Advertencia: Yaoi , aclaramos que significa relación chicoxchico, así que adevertidas para aquellas que no les gusta, y también para aquellos que le gustan pues sean bienvenidos.
Rango: M
Parejas: Principal, pues Yuullen. Y otras paring que no viene el caso mencionar, no broma, todavía está en proceso eso.
En tres palabras se resumía su odio, tres fáciles palabras en realidad, y una de ellas calificaba muy bien la descripción de esa persona, porque si, era una persona la causa de todo tu malestar. Una utópica felicidad negada, así es como habías aprendido actuar todo este tiempo, no creías en el amor, la felicidad mucho menos, no desde de la muerte de esa persona, y cuando arribaste a ese nuevo territorio extranjero, tus prospectos no discernían entre una desastrosa realidad que creías ya superada, y la enclenca existencia de ese espécimen amorfo.
Pero claro Yuu, cuando la vida actué por tu propia voluntad, en ese momento te puedes llamar amo y Señor del Universo. Cuando eso suceda te encargaras tú mismo de destruir por completo al Moyashi, como éste ya lo ha hecho contigo.
Si tus miradas matarán, ya un gran sector urbano hubiera desaparecido de la tierra hace mucho tiempo, y cuando las miradas dejaron de funcionar en contra de eso viejo tonto, suponías que tendría que plantearte en poner tus pensamientos a la práctica.
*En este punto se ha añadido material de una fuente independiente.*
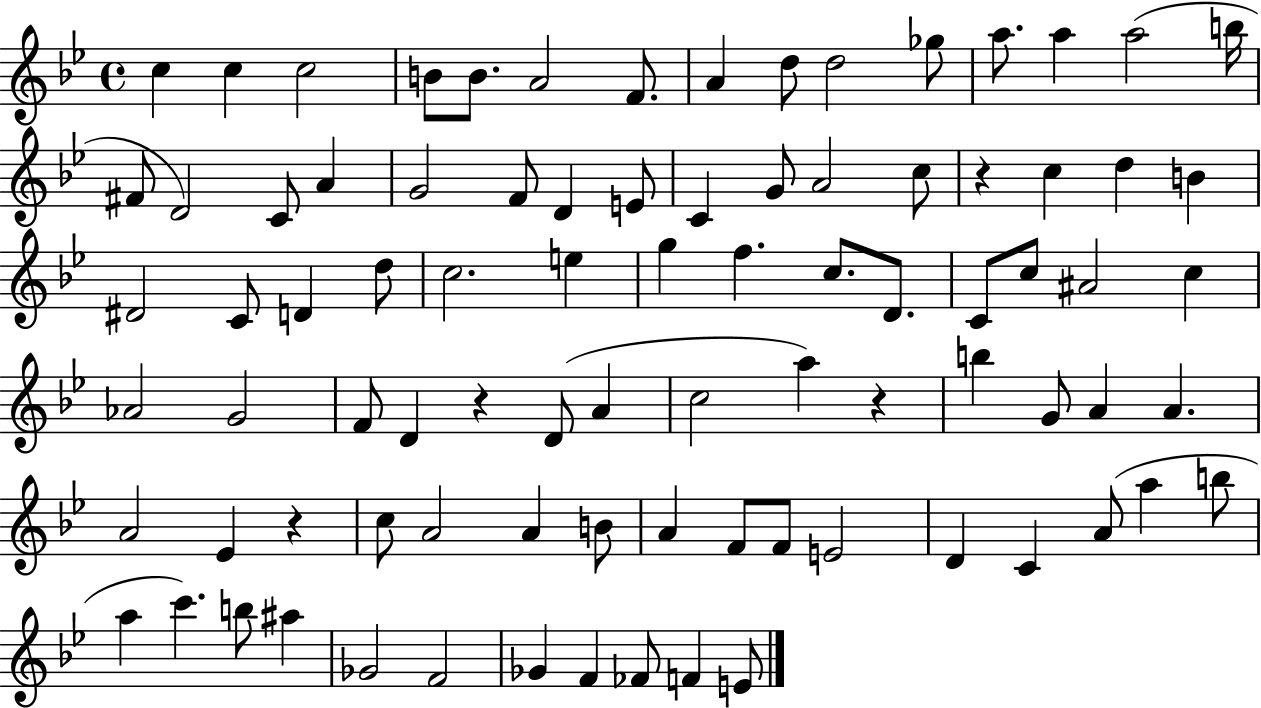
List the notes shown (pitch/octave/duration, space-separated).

Era como el conejo, las ganas nunca te faltaban.
- ¿Por qué la curiosidad?
- No es eso – rezongas, hartó de tanta charlatanería, se estaban yendo por la tangente desde el comienzo, no jugarías ese juego con el viejo – Es parte de mi trabajo, no daré mi vida por cualquier imbécil.
- Debes dejar de tratar a las personas de esa manera, Yuu-kun – rechinas los dientes, ahí iba, realmente estas cayendo Yuu-chan
- Che, como sea, responde mi pregunta…
- No hay nada que responder, su nombre es Neah Noé, el último miembro del Clan Noé, de extensas propiedades. Y por lo que dicen, el mimado de la familia. Pero eso sólo son rumores.
- No tienen relación de sangre, no trates de engañarme, eso lo sé, nadie en esa maldita familia lo tiene. ¿Quiénes son? ¿Qué es todo este teatro, viejo?
- Cumple con tu trabajo, es lo único que se te pide, no divergieses ideas tontas en esa cabeza tuya – era la primera, si, también te ha sorprendido, la primera vez que Froi Tiedoll te trataba así, esa seriedad, esa mirada, después de tu sorpresa inicial, la confusión e intriga, vino la furia, en realidad todo lo que respecta a ti, terminaba en furia – No digas nada, y no preguntes nada, esa es la primera regla que te enseñe hace cuatro años, ¿lo recuerdas? – no vacilaste en asentir con la cabeza, aun cuando tu mirada relampagueaba, algo que al parecer el viejo omitía deliberadamente. – "El deber es primero, darás tu vida afrontando las consecuencias", te lo pido Yuu-kun – el cambio de voz no intercedió para calmar tu mal humor, ese ruego lo incrementó por alguna razón – Si así lo deseas, te lo diré a su tiempo, pero no desesperes.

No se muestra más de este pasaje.